На этом первый допрос закончился.

Через пять дней три эксперта инквизиции, назначенные для исследования содержания книги, выложили собственные заключения, которые, по согласному мнению историков, были подробными и непредвзятыми. С помощью длинного списка цитат они доказали, вне каких-либо сомнений, что Галилей не только оговаривал взгляды Коперника как гипотетичные, но и распространял их, защищал и поддерживал, а тех, кто эти взгляды не разделял, называл "умственными пигмеями", "тупыми глупцами" и существами, которые едва-едва заслуживают наименования людей.

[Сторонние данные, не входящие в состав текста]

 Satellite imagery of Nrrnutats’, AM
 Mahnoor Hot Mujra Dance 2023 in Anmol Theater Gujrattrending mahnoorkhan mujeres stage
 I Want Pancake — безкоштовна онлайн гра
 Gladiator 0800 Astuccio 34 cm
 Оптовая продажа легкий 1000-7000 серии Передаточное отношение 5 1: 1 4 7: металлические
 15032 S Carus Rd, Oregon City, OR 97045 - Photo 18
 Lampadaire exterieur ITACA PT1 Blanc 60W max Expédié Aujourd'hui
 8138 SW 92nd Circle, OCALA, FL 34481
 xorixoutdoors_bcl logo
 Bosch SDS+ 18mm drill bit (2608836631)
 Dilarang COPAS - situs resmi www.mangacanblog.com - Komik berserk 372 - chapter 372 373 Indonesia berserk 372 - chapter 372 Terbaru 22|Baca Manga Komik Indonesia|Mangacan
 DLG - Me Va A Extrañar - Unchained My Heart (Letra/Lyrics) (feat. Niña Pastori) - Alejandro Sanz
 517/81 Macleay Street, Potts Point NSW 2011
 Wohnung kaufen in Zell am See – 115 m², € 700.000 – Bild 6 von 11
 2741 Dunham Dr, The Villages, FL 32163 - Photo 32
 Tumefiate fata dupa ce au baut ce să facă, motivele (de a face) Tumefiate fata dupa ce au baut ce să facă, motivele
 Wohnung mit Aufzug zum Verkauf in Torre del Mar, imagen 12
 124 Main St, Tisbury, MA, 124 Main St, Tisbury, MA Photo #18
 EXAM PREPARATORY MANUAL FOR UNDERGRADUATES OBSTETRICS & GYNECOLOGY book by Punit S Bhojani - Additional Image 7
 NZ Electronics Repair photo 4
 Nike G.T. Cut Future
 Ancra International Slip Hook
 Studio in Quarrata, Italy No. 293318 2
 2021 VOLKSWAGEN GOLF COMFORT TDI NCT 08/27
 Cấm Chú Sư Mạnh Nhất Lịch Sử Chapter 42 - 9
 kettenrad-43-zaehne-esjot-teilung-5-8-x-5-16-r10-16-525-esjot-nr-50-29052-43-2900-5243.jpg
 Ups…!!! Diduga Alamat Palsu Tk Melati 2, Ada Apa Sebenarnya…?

Все это было выписано черным по белому, так что заверения, будто бы книга говорит противоположное тому, что в ней на самом деле содержалось, со стороны Галилея было самоубийственным безумием. А ведь ему было дано несколько месяцев на подготовку своей защиты. Объяснение можно искать только лишь в чуть ли не патологическом презрении, которое Галилей питал к своим современникам. Утверждение, будто бы Диалог был написан с целью низвержения коперниканства, было настолько бесчестным, что дело было бы проиграно перед любым судом.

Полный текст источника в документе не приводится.